2. A thermal transfer recording medium of claim 1, wherein said
first heat-fusible substance has the melting point or softening
point in the range of 40.degree. C. to 90.degree. C.
3. A thermal transfer recording medium of claim 2, wherein said
first heat-fusible substance is selected from the group consisting
of insect wax, shellac wax, whale wax, wool wax; carnauba wax, wood
wax, auricuri wax, espalt wax, candelilla wax; montan wax,
ozocerite wax, ceresin; paraffin wax, microcrystalline wax, ester
wax, petrolatum; Fischer-Tropsch wax, polyethylene wax, low
molecular weight polypropylene, oxidized waxes, montan wax
derivatives, paraffin castor wax and opal wax.
4. A thermal transfer recording medium of claim 1, wherein said
first heat-fusible substance has the solubility parameter of less
than 9.0 and said second heat-fusible substance has the solubility
parameter of more than 9.5.
5. A thermal transfer recording medium of claim 1, wherein said
second heat-fusible substance has the melting point or softening
point in the range of 35.degree. C. to 100.degree.
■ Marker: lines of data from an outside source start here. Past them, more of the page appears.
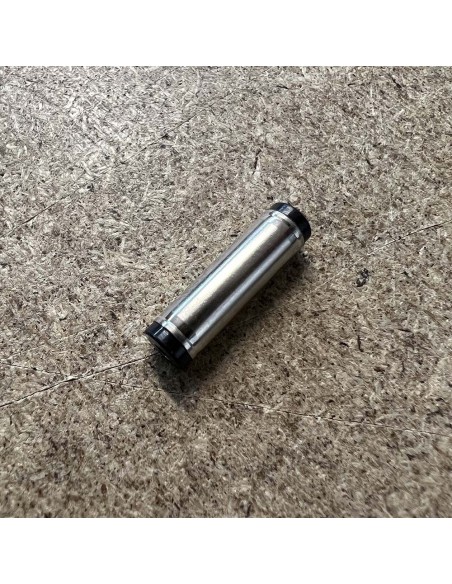 Seamless barrel connector for LED Edge sign module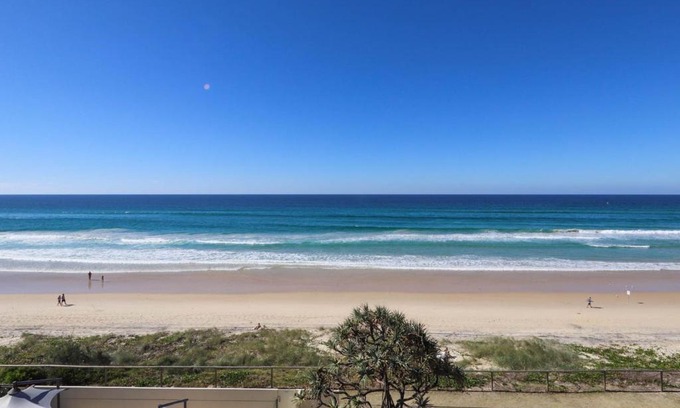 Main Beach Apartment | Beachside Tower Apartments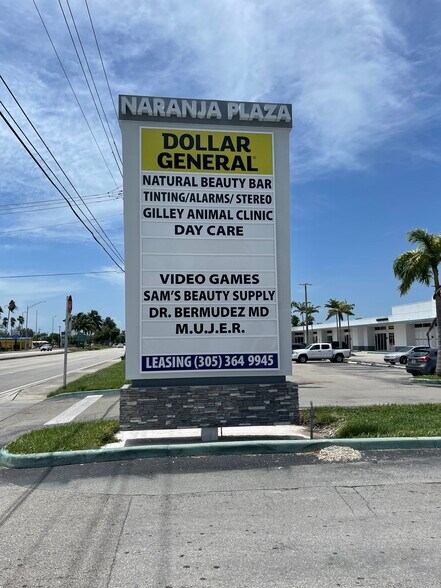 27000 S Dixie Hwy, Naranja, FL à louer - Photo du bâtiment - Image 2 de 3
C.
6. A thermal transfer recording medium of claim 5, wherein said
second heat-fusible substance is selected from the group consisting
of polyester compounds, polyether compounds, polyamide compounds
and polyurethane compounds.
7. A thermal transfer recording medium of claim 6, wherein said
second heat-fusible substance has a molecular weight of 500 to
50,000.
8. The thermal transfer medium of claim 1 wherein said adjacent
layer is said second coloring agent layer.
9. A thermal transfer recording medium of claim 2, wherein the
content of said first heat-fusible substance is in the range of 8%
to 95% by weight of total amount of said coloring agent layer
containing said first heat-fusible substance.
10. The thermal transfer recording medium of claim 1, wherein said
adjacent layer is an intermediate layer which is positioned between
said first and second coloring agent layers.
11. A thermal transfer recording medium of claim 10, wherein the
content of said second heat-fusible substance is in the range of 8%
to 100% by weight of total amount of said intermediate layer.
12. A thermal transfer recording medium of claim 10, wherein said
intermediate layer has the thickness of in the range of 0.05 .mu.m
to 4 .mu.m.
13. A thermal transfer recording medium of claim 1, wherein each of
said coloring agent layers has the thickness of in the range of 1
.mu.m to 10 .mu.m.
14. A thermal transfer recording medium of claim 13, wherein each
of said coloring agent layers contains a coloring agent selected
from the group consisting of direct dyes, acid dyes, basic dyes,
disperse dyes, oil-soluble dyes and pigments.
15. The thermal transfer recording medium of claim 1, wherein said
layer adjacent to said coloring agent layer is an intermediate
layer which is positioned between said coloring agent layer
containing the first heat-fusible substance and said support.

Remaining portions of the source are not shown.